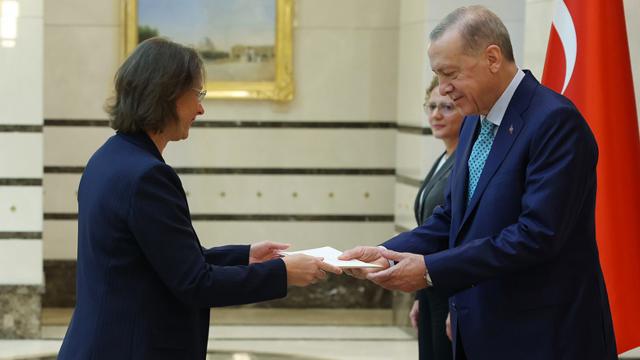 Fransa Büyükelçisi’nden Cumhurbaşkanı Erdoğan’a güven mektubu
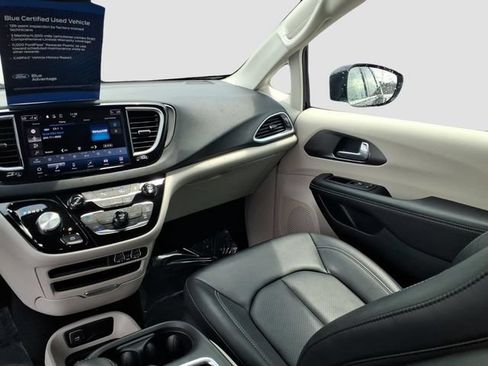 Used 2024 Chrysler Pacifica Touring-L FWD image 11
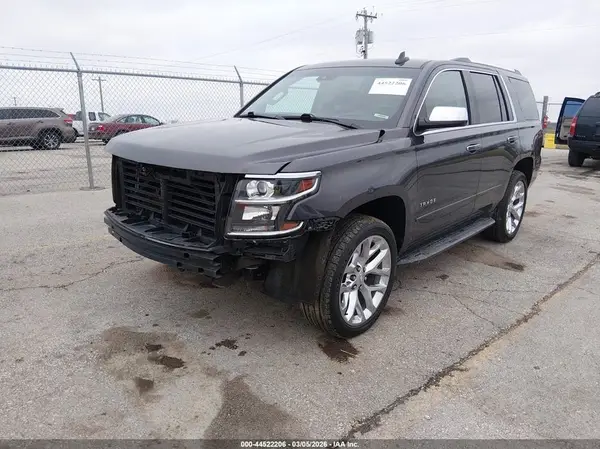 1GNSKCKC2JR388249 2018 CHEVROLET TAHOE - Image 2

> WHAT THE EXERCISE ASKS:
The answer is the full listing above, repeated exactly, with its pictures removed.

> TASK RESULT:
 Fransa Büyükelçisi’nden Cumhurbaşkanı Erdoğan’a güven mektubu
 Used 2024 Chrysler Pacifica Touring-L FWD image 11
 1GNSKCKC2JR388249 2018 CHEVROLET TAHOE - Image 2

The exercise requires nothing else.